Para Freud, a civilização não existe sem limites e proibições. Em seus estudos a respeito do complexo de Édipo, ele metaforiza o prazer na figura da mãe; e a limitação, a regulação desse prazer, que chama de realidade, na figura do pai. Assim, o abismo interno de todo indivíduo é a distância entre prazer e realidade. Esse vazio interno, a distância entre o que somos e o que queremos, é o principal alvo de ataque da indústria do consumo. Evocando os desejos mais profundos do ser humano, através de símbolos e estímulos ao subconsciente, o mercado torna objeto de consumo qualquer coisa que lhe parecer atraente.

Uma vez inserida na sociedade da técnica e do consumo, qualquer coisa pode se tornar mensagem. A mídia hegemônica trabalha para veicular o que possa servir como informação e o público trata de consumi-la. mesmo que seja desnecessária. O cotidiano da mídia sensacionalista serve como exemplo: captura-se uma série de fatos isolados, que, uma vez inseridos no espaço público, tornam-se mensagens, como no caso da menina Eloá.

Já para Nietzsche, não existe uma verdade absoluta das coisas. A verdade existe para cada um, e é apenas a maneira como talhamos o mundo de acordo com nossos interesses, a partir da nossa visão individual. Nesse sentido, todo pensamento é uma forma de ideologia e ilusão, mas que se coloca como necessária para a sobrevivência do indivíduo frente às restrições lhe impostas pela sociedade.

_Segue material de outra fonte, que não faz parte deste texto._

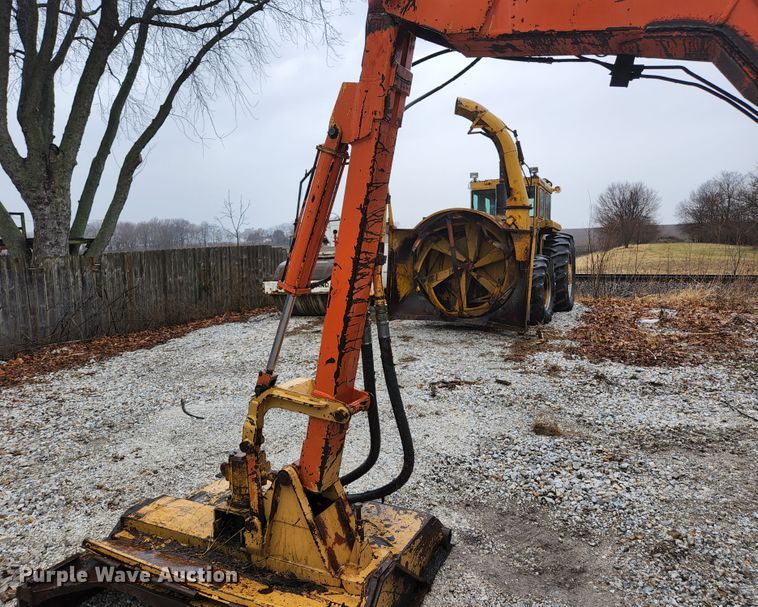 image for item HK9357 1986 John Deere 2350  tractor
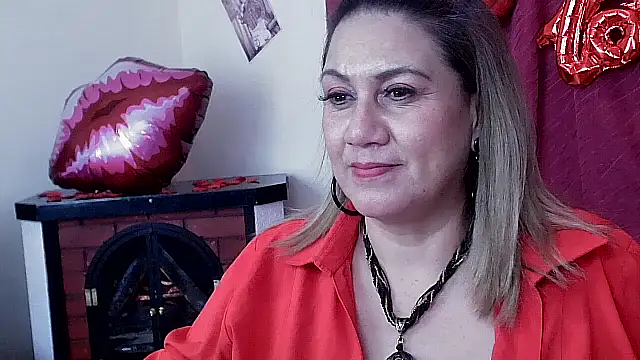 Snapshot of yayita_mature chatting on February 11, 6:33 pm yayita mature online show from February 11, 6:33 pm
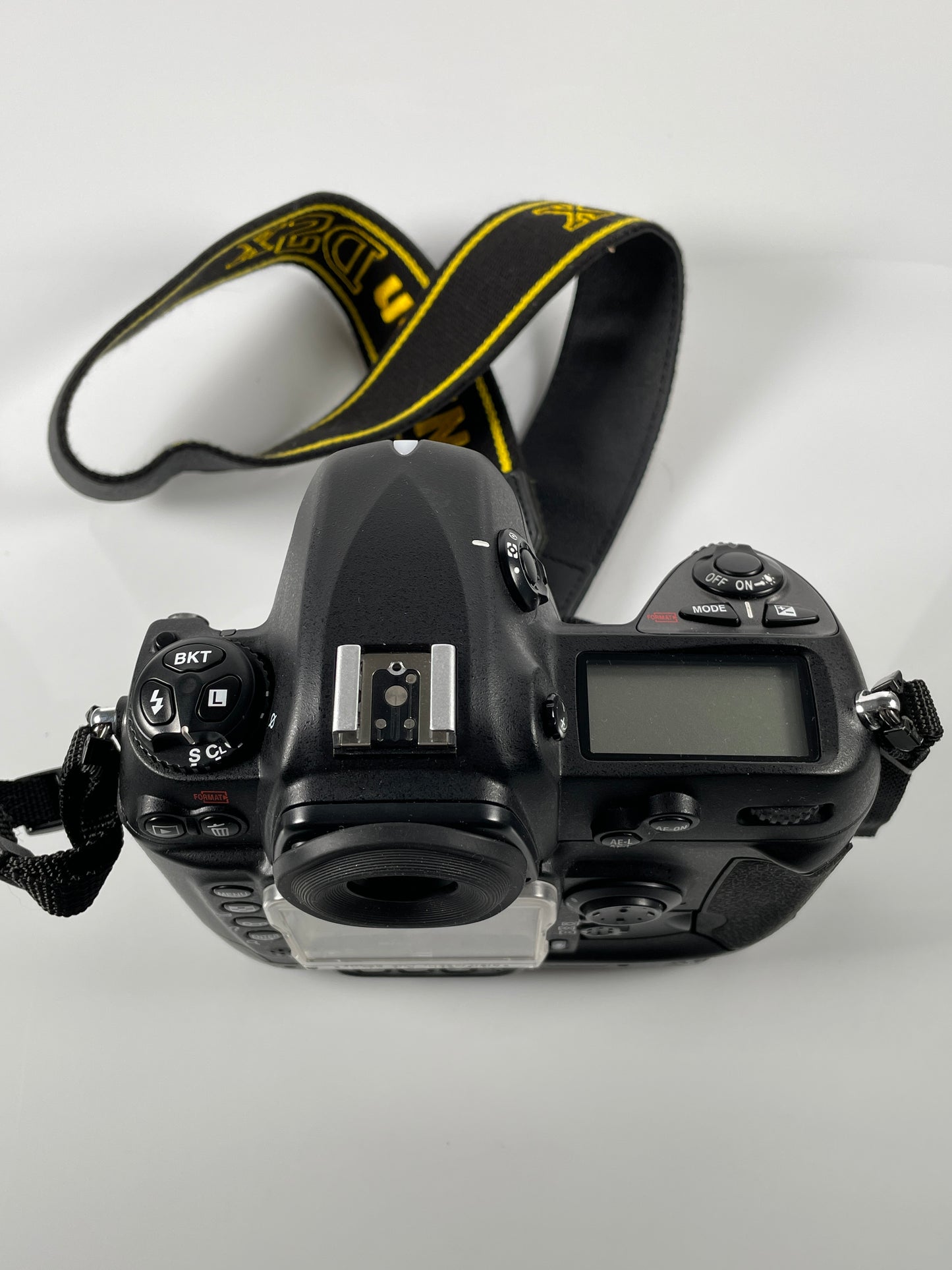 Nikon D2X DSLR Camera Body {12MP} (Body Only)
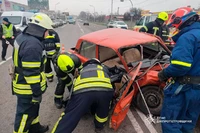 М. Павлоград: рятувальники деблокували з понівеченого внаслідок ДТП автомобіля тіло водія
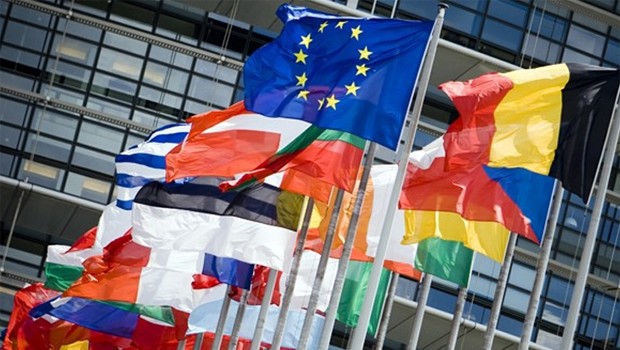 AB'ye vizesiz giriş tamam gibi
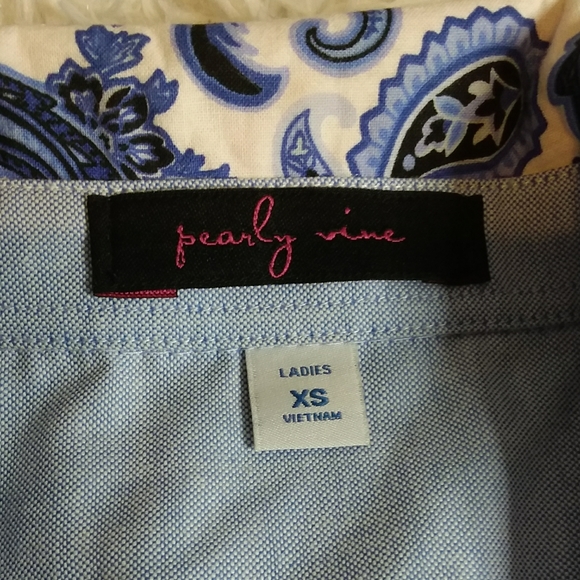 Pearly Vine blue long sleeve contrasting collar button front blouse size XS - Picture 6 of 6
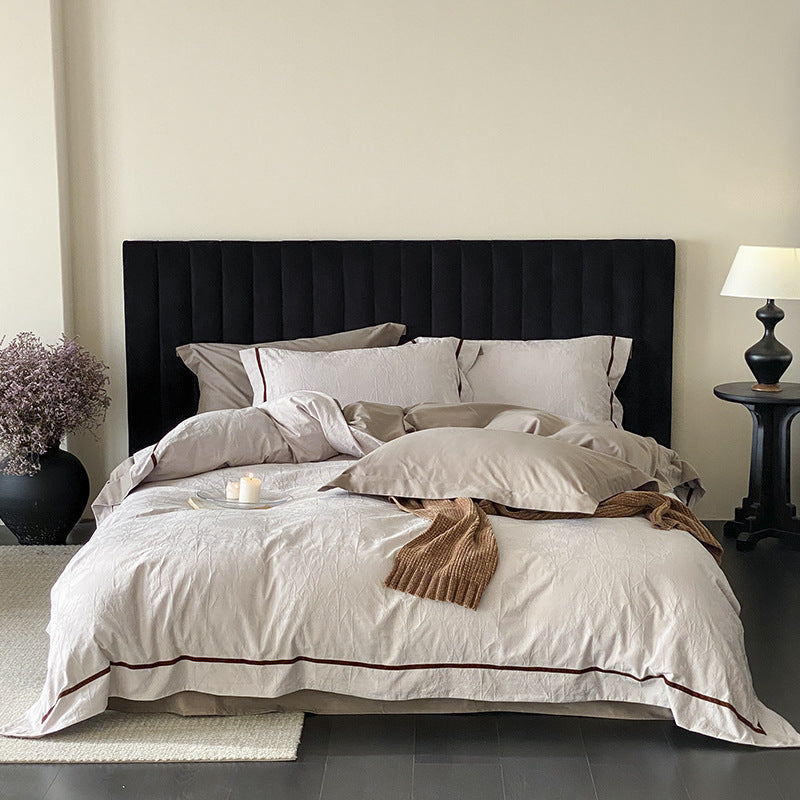 Bedding set made of cotton-linen blend with fine structure and piped seam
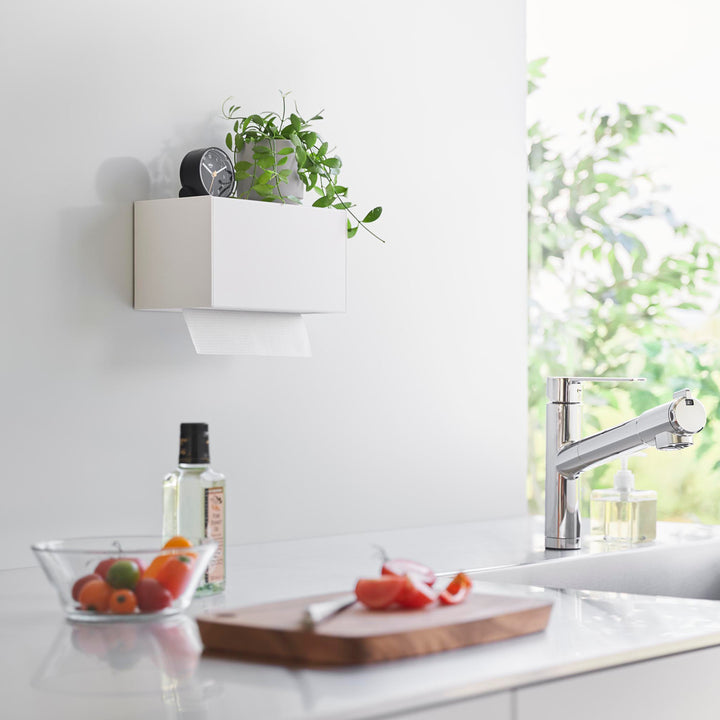 山崎実業towerマグネットトレー付きペーパータオルディスペンサータワー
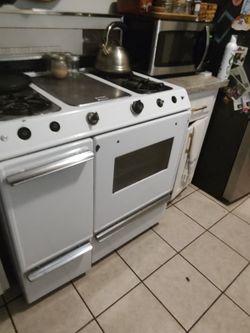 Vintage 36inch Stove , Oven Does Not Work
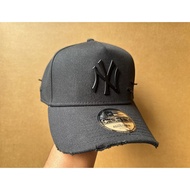 New Era 9Forty A-Frame New York Yankees Metal Damaged Black Cap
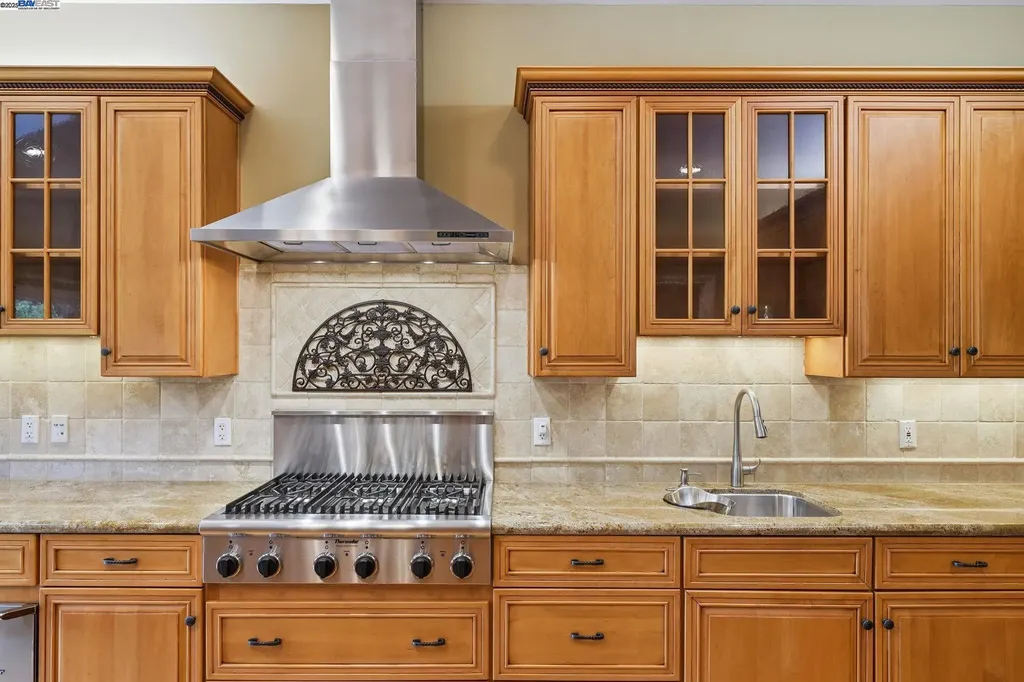 66 Oakridge Court Danville CA 94526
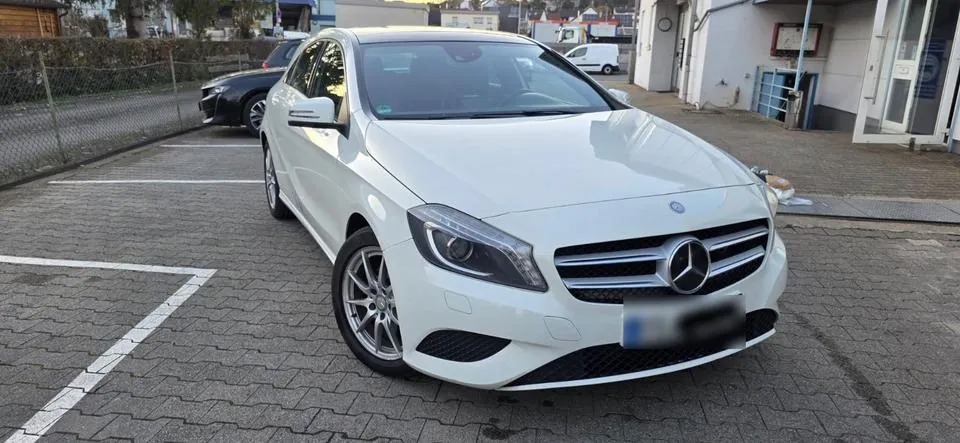 Mercedes-Benz A 180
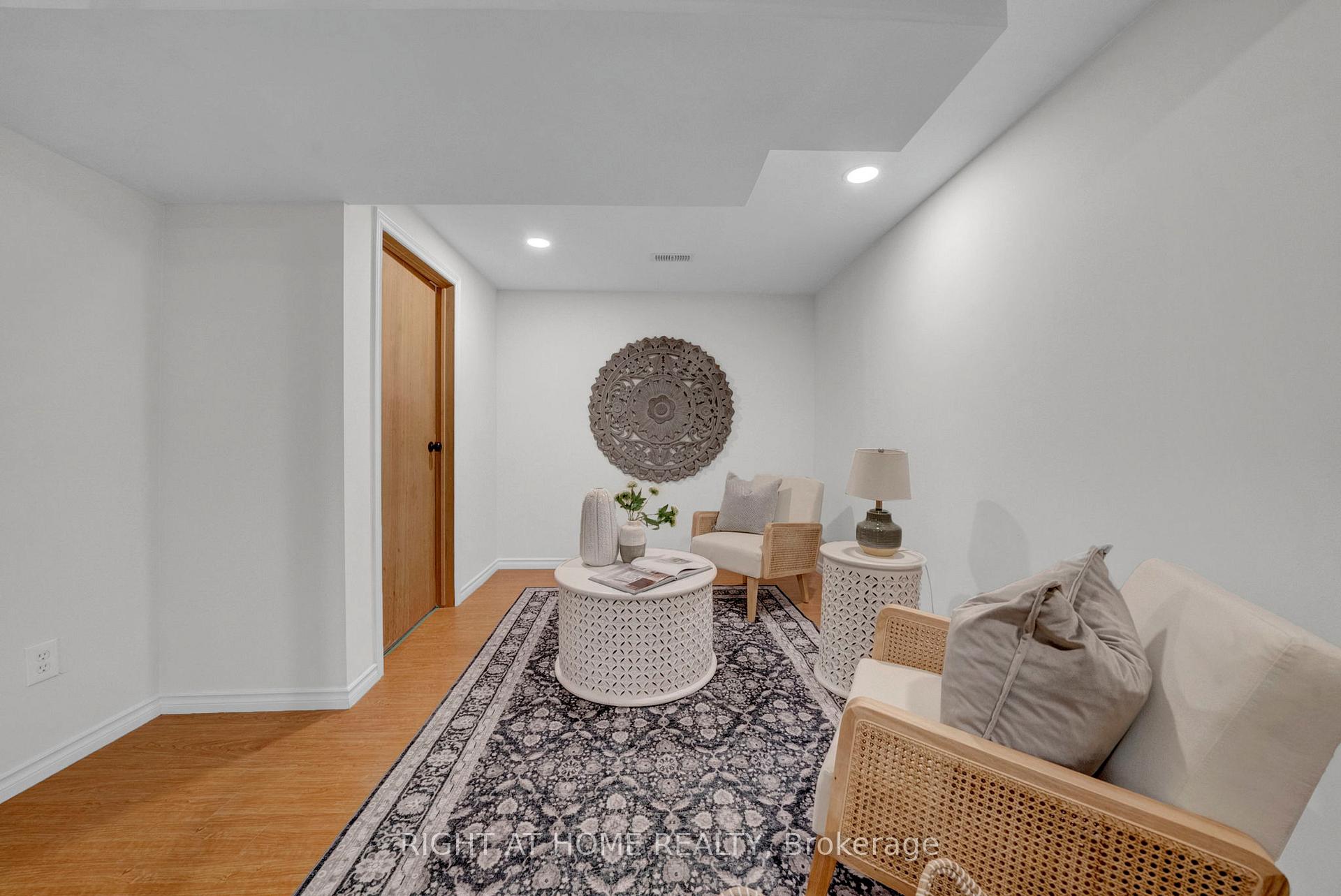 Photo 27 of 33 Pomeroy Street, Clarington, Bowmanville — HOMEH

A ideologia, para ele, é o conjunto de pensamentos individuais, que, uma vez reunidos passam a simbolizar um domínio estático desvinculado dos valores metafísicos. Na civilização atual, tudo é imediato, efêmero e insignificante, e o desenvolvimento de diferentes racionalidades é uma das conseqüências do fluxo inexato de informações.

Se, para Nietzsche, a razão é um conceito subjetivo, uma organização do mundo para fins pragmáticos, o meio não necessariamente é mensagem. A mensagem obtida a partir de uma informação qualquer dependerá da interpretação de seu destinatário. O meio, portanto, pouco importa para que essa mensagem seja compreendida.